Do muito não ler, perde-se a capacidade de se exprimir, caminha-se para um analfabetismo embrutecedor. Ao contrário do fidalgo de La Mancha, que de muito ler e pouco dormir, veio perder o juízo, hoje temos uma inversão quixotesca: por não ler nada -nada que preste, entende-se- os gigantes voltam a ser moinhos de vento, somos reduzidos a uma mísera rotina, impedidos de sonhar, de falar, de comunicar-se. Mas como são moinhos hiper conectados com o mundo digital -redes, perfis, Instagram- não percebemos. Daqui a alguns anos recolheremos o resultado dos novos bárbaros, que grunhem ao invés de conversar, e comandam uma sociedade presidida pela miséria cultural, e por espasmos internos, incapazes de serem vertidos em palavras.

Feita esta advertência para quem quiser escutar e pôr em prática, voltamos a Eça, e suas crônicas. Obviamente o escritor português não idealizou este livro que temos entre mãos (livro físico, o que me ajudou a uma leitura lenta, e a transcrever as passagens que comento; algo que sempre ajuda, embora sou adepto aos livros digitais, porque deve se incorporar a técnica com sabedoria). Este livro foi ideia dos editores que juntaram crónicas diversas de Eça de Queiroz, entre outras Cartas da Inglaterra, e Ecos de Paris, que eu tinha lido há muitos anos.
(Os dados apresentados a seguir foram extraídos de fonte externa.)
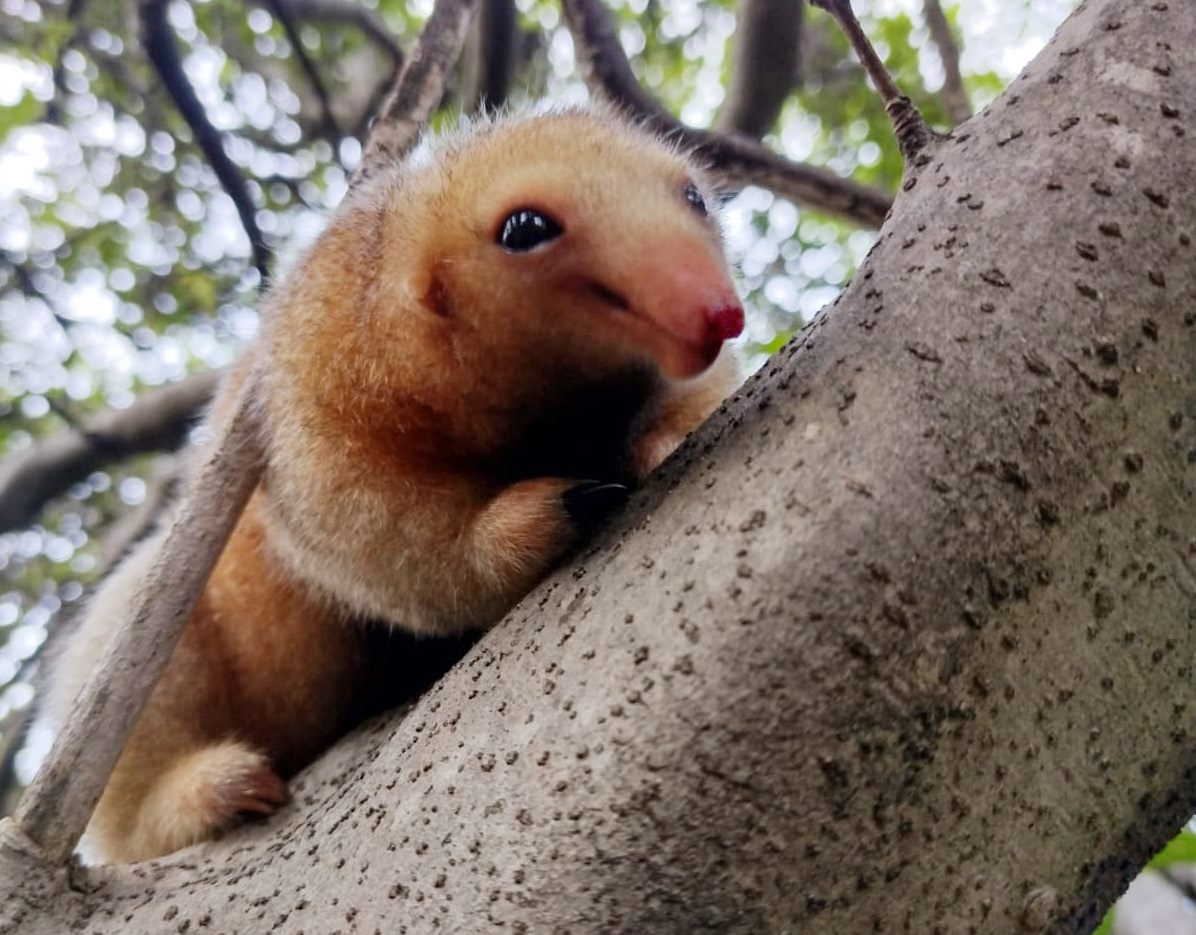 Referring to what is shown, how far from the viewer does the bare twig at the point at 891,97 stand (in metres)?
1.87

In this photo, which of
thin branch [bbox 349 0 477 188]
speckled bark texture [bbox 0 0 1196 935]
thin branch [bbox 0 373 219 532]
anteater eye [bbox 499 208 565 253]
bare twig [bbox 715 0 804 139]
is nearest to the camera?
speckled bark texture [bbox 0 0 1196 935]

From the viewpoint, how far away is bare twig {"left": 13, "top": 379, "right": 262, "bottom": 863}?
1.95 metres

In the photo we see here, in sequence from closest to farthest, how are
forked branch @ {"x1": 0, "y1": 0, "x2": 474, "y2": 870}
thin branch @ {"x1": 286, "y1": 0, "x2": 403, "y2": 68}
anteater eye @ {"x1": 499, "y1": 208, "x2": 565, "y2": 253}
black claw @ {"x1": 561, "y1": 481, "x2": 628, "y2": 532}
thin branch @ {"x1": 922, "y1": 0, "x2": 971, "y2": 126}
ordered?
black claw @ {"x1": 561, "y1": 481, "x2": 628, "y2": 532}, forked branch @ {"x1": 0, "y1": 0, "x2": 474, "y2": 870}, anteater eye @ {"x1": 499, "y1": 208, "x2": 565, "y2": 253}, thin branch @ {"x1": 922, "y1": 0, "x2": 971, "y2": 126}, thin branch @ {"x1": 286, "y1": 0, "x2": 403, "y2": 68}

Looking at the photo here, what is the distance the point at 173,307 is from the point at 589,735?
7089 mm

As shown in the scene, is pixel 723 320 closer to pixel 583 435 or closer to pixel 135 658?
pixel 583 435

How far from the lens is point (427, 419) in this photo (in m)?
2.22

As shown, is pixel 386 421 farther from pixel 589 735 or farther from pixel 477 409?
pixel 589 735

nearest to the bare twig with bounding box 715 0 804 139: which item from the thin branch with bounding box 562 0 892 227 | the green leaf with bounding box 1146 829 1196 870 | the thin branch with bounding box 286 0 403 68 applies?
the thin branch with bounding box 562 0 892 227

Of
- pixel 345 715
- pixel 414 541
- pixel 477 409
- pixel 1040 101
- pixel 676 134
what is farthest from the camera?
pixel 676 134

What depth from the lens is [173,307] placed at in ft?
24.8

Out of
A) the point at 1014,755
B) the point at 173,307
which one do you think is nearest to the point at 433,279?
the point at 1014,755

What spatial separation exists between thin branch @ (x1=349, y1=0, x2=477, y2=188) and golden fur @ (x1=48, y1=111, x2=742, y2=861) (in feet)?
0.48

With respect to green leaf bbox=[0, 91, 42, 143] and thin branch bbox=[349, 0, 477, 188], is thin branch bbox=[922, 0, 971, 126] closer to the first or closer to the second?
thin branch bbox=[349, 0, 477, 188]

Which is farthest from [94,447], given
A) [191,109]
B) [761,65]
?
[761,65] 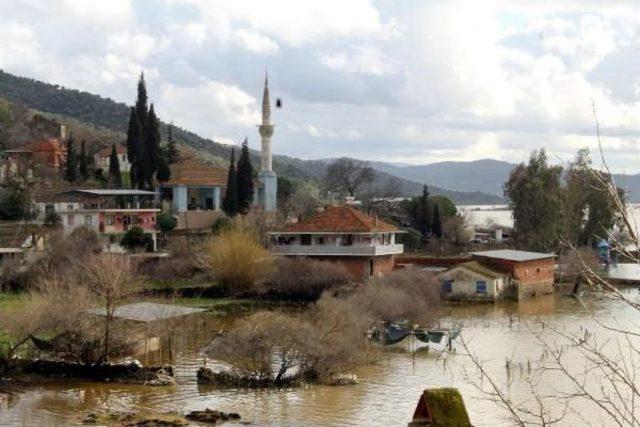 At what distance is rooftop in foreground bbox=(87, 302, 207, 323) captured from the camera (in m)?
29.0

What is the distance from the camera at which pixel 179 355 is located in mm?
30297

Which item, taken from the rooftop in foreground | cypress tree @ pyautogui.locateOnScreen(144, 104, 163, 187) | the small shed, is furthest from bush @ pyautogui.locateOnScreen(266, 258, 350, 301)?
the small shed

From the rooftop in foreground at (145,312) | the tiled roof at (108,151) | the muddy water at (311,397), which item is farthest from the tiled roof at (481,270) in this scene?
the tiled roof at (108,151)

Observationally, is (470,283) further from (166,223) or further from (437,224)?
(437,224)

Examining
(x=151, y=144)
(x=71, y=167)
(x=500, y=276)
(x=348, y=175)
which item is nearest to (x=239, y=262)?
(x=500, y=276)

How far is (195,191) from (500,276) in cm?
2644

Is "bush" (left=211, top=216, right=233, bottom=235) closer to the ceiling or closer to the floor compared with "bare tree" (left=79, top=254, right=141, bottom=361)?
closer to the ceiling

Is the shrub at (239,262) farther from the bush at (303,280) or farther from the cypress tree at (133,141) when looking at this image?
the cypress tree at (133,141)

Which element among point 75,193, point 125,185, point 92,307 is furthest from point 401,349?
point 125,185

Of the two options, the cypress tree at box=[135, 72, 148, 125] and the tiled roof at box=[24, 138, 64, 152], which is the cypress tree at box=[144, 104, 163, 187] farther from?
the tiled roof at box=[24, 138, 64, 152]

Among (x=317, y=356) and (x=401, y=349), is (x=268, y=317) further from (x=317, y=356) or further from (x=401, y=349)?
(x=401, y=349)

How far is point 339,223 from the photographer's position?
52781 mm

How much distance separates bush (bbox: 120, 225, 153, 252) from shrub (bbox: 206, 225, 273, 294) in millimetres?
7420

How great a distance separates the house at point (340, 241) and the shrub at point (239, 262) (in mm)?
3985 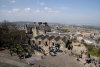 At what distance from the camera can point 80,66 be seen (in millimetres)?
25172

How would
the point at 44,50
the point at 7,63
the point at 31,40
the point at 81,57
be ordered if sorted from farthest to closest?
the point at 31,40, the point at 44,50, the point at 81,57, the point at 7,63

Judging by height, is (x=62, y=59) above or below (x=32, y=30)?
below

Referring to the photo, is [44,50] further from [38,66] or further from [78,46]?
[78,46]

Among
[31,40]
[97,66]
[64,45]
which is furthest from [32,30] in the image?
[97,66]

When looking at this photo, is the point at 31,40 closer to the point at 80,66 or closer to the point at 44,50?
the point at 44,50

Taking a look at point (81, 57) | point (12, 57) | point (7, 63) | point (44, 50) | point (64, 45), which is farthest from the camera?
point (64, 45)

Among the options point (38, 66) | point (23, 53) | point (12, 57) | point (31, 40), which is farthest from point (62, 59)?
point (31, 40)

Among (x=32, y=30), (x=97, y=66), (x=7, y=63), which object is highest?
(x=32, y=30)

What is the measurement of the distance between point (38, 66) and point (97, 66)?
44.3 feet

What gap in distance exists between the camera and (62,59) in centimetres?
2816

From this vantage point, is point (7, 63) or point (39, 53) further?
point (39, 53)

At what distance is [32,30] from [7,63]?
92.9 feet

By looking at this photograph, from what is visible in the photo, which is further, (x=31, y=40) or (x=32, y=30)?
(x=32, y=30)

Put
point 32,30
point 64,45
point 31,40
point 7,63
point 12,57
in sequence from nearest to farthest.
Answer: point 7,63
point 12,57
point 64,45
point 31,40
point 32,30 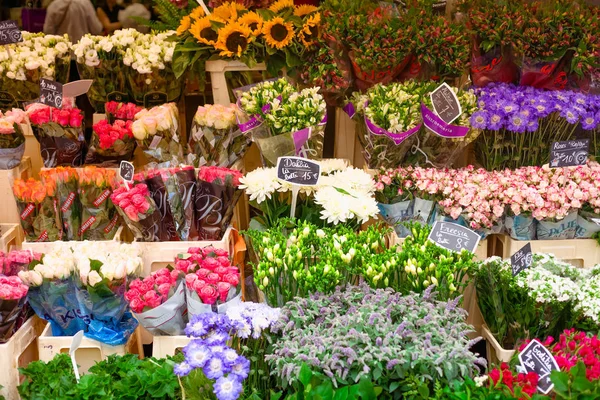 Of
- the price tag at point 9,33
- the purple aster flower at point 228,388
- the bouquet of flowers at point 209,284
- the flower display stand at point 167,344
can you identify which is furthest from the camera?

A viagem pelo mundo, recolhendo os seus ecos, inicia-se no volume que tenho em mão pelo Brasil. E assim escreve Eça, sublinhando as diferenças com Portugal: “Nossos defeitos, aqui sob um clima frio, estão retraídos, não aparecem, ficam por dentro; lá, sob um sol fecundante, abrem-se em grandes evidências grotescas. Sob o Céu do Brasil a bananeira abre-se em fruto e o português rebenta em brasileiro. Eis o formidável princípio! O brasileiro é o português desabrochado”.  E também fala da viagem de D. Pedro II a Portugal: “Uma mala pequena não pode chegar para tudo: tapa por um lado o imperador do Brasil, descobre por outro o homem de bem (…)É verdade que um príncipe pode deixar de se comportar com a pompa de um rei, sem que por isso passe a comportar-se com a maltrapice de um varredor. Entre o manto de arminho e a rabona, há gradações”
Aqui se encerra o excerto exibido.